= WHAT THIS TASK INVOLVES =
The answer must consist only of the lines in the records below from the line with "Блейк Лайвли стильные образы" to the line with "Las playas de", both included, copied word for word with every picture left out.
TASK MATERIAL Start Marker
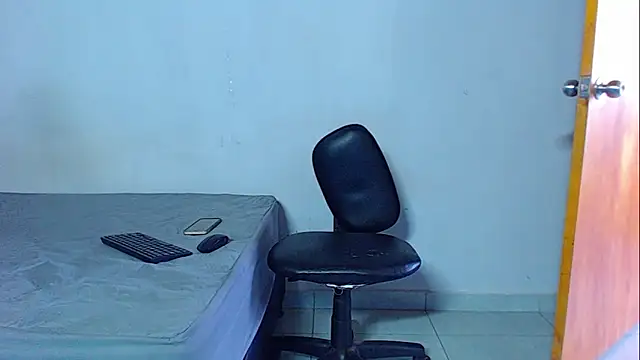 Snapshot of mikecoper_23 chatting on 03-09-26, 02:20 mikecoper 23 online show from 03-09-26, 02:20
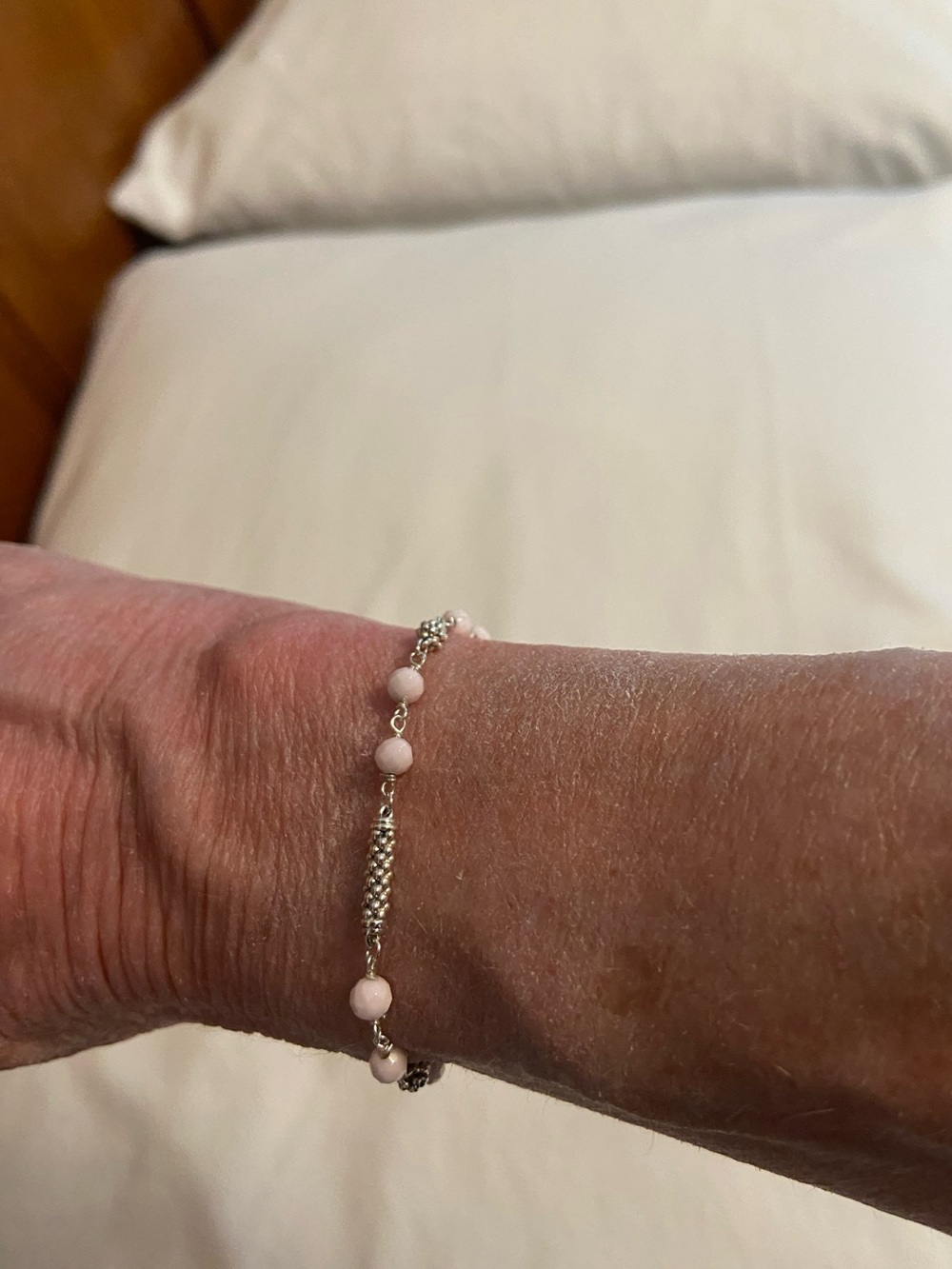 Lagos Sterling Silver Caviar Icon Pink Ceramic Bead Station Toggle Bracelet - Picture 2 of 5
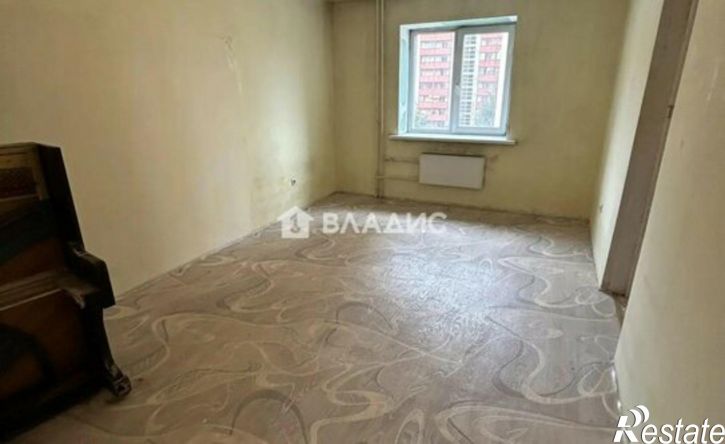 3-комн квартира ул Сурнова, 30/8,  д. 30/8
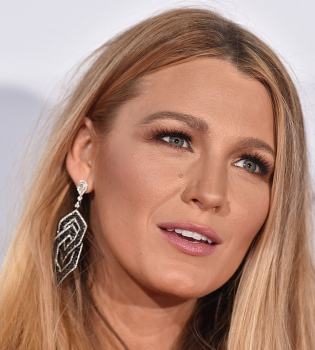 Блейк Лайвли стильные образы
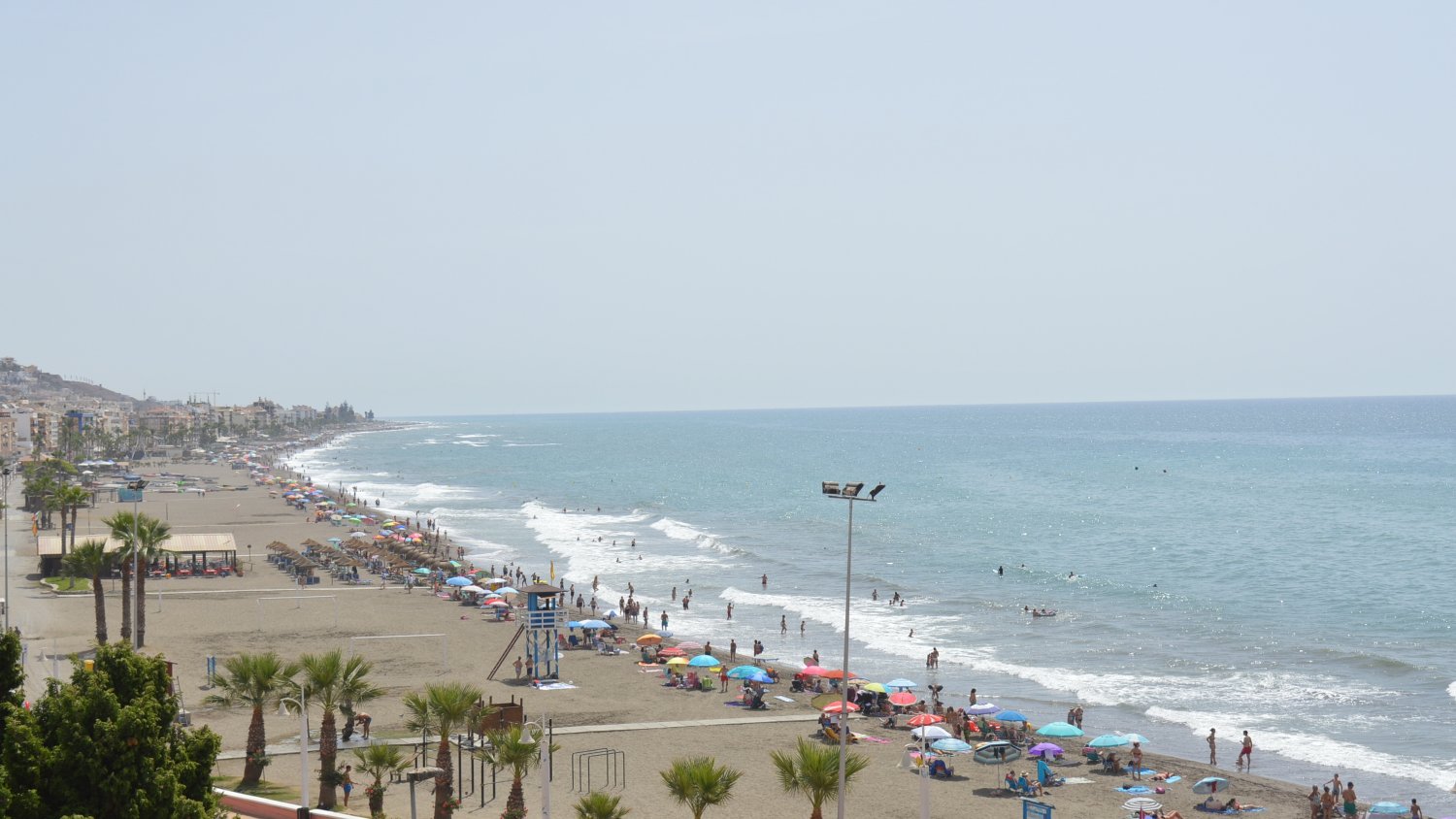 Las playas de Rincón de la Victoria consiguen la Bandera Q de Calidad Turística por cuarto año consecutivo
TASK MATERIAL End Marker
TASK MATERIAL Start Marker
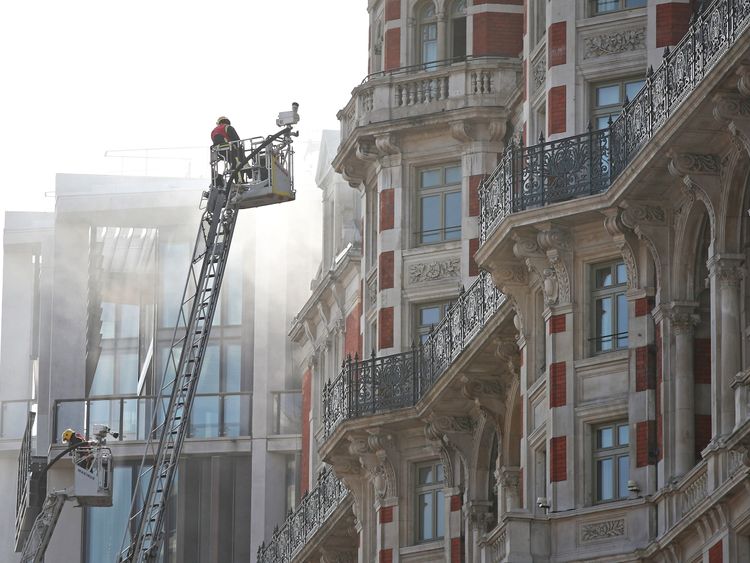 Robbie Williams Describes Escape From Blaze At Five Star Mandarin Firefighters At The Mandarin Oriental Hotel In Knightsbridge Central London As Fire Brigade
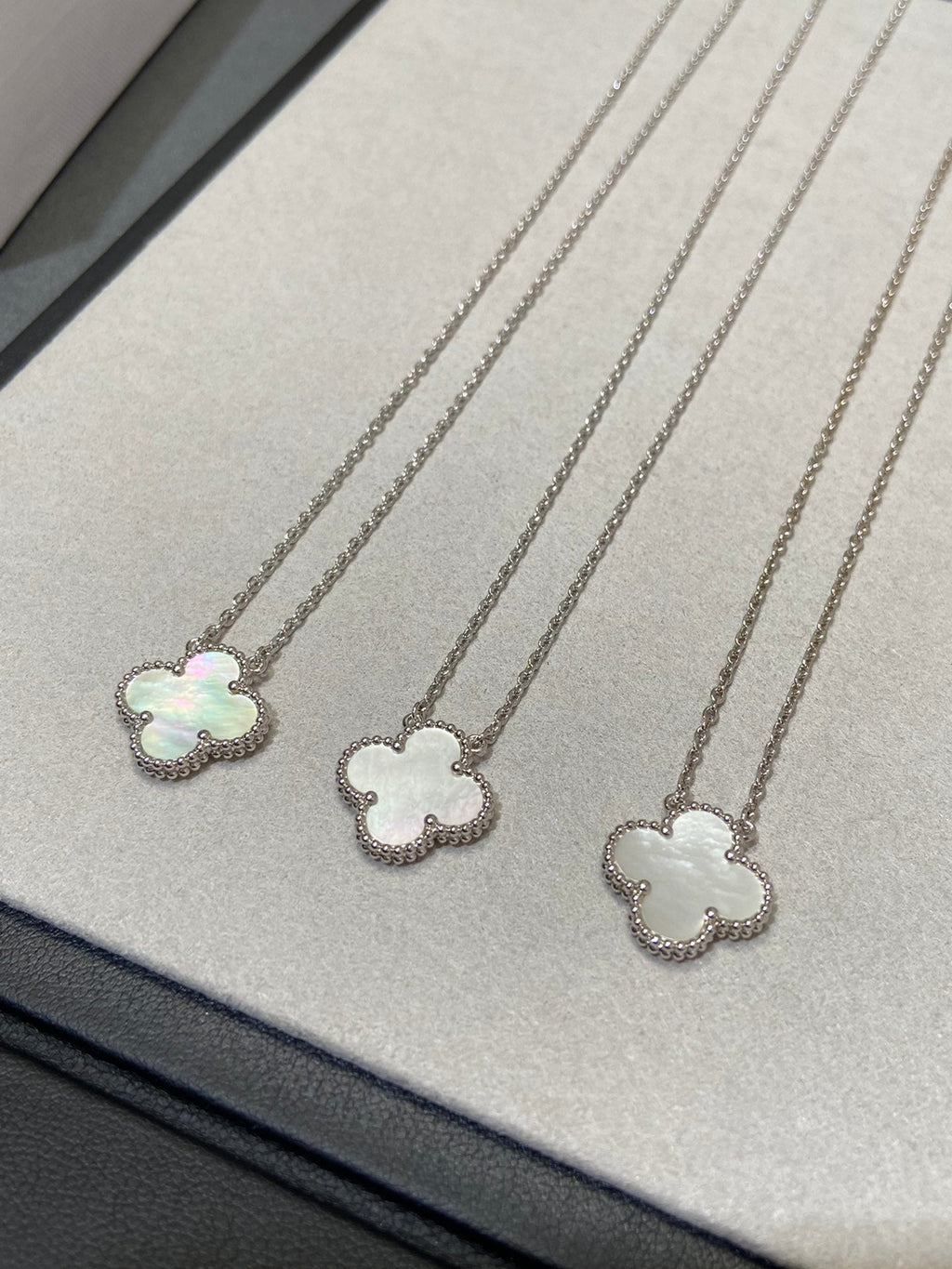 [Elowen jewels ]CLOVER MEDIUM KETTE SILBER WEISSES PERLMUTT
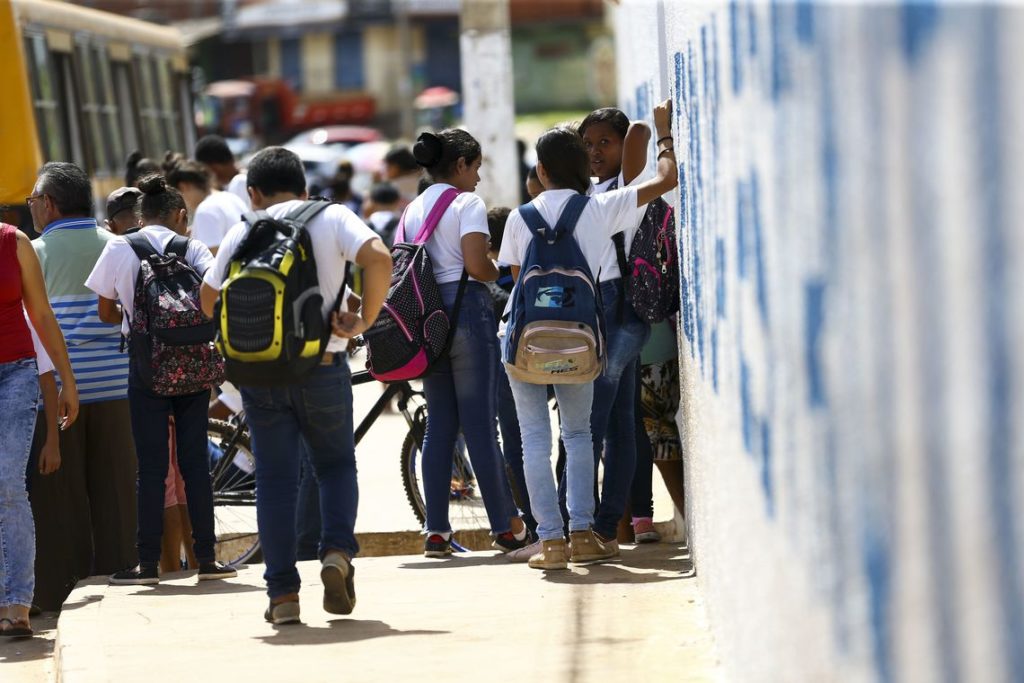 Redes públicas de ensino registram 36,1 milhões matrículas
TASK MATERIAL End Marker
TASK MATERIAL Start Marker
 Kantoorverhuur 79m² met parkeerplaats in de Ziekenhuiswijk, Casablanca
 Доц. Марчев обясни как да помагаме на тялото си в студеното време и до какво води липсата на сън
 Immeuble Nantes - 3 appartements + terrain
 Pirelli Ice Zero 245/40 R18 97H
TASK MATERIAL End Marker
= FINISHED TASK =
 Блейк Лайвли стильные образы
 Las playas de Rincón de la Victoria consiguen la Bandera Q de Calidad Turística por cuarto año consecutivo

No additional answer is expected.